February 3, 2015 report
Early Newton notebook shows prescient understanding of water ascension in plants
(Phys.org)—A new review of a notebook filled with scrawlings by Isaac Newton shows that he very nearly uncovered the secret of how plants defy gravity by pulling water up from roots all the way into their stems and leaves. David Beerling with the Department of Animal and Plant Sciences, at the University of Sheffield, in the U.K. has published a Comment piece in the journal Nature Plants describing the words written by the great philosopher and scientist in an old notebook.
Isaac Newton, was of course, one of the great minds of the modern era—his work with gravity, and the development of formulas that describe the universe, calculus and ideas on light were remarkable, doubly so considering he was a man living in the seventeenth century. Now it appears his mind at times drifted to other topics as well—such as botany. As Beerling notes, Newton kept a notebook during his college years which he used for jotting down ideas and musings.

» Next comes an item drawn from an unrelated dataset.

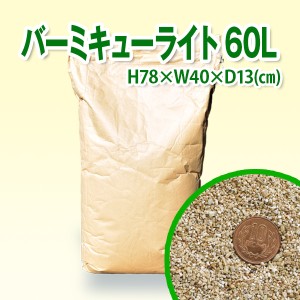 【送料無料】バーミキュライト 60L / 産卵用床材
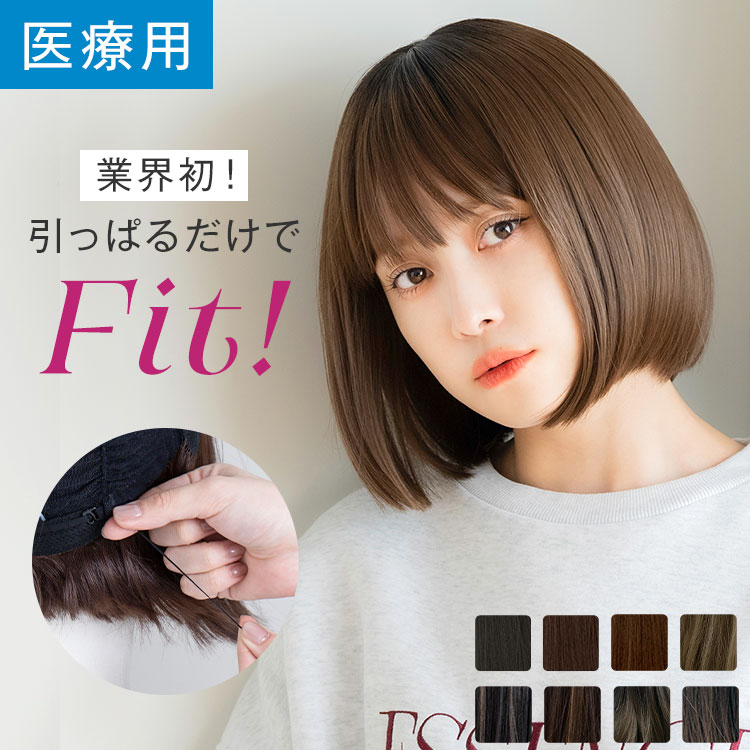 【極ぴたっ発売記念SALE開催！1,000円OFF】「【極ぴたっ】天使のミニボブ/天使のミニボブ」 ウィッグ ボブ 医療用 医療用ウィッグ 人工毛 SSサイズ Sサイズ Mサイズ フリーサイズ フルウィッグ 自然 ショートボブ 脱毛症 抗がん剤 ストレート 黒髪 リネアストリア 送料無料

One of those was apparently an idea to help explain how it is that plants are able to pull water from the ground via roots and transport it up through stalks and stems to their leaves—defying gravity in the process.
In his notebook, Newton suggested that light pulled water particles from pores in plant leaves—as "juices" beneath flowed in naturally to refill the pore, juices from below were pulled upward. This idea is not far from what is the commonly excepted explanation for plant transpiration today—where water is pulled up a plant from roots and evaporates out of leaves, causing tension due to unequal pressure. That tension is equalized as more water is brought in from the roots. The current theory came about by botanists working in 1885, approximately two hundred years after Newton was writing in his notebook.
Perhaps even more intriguing is that pores in plant leaves had not been observed yet, the microscope was still under development. Beerling suggests that Newton was actually describing tissue that was known to conduct water at the time, though he also notes that just a few years later Newton put together the first known reflecting telescope—thus it is not a stretch to consider the possibility that he built a microscope as well.
Buried in a notebook from his undergraduate days lie Newton's musings on the movement of sap in trees. Viewed in conjunction with our modern understanding of plant hydrodynamics, his speculations seem prescient.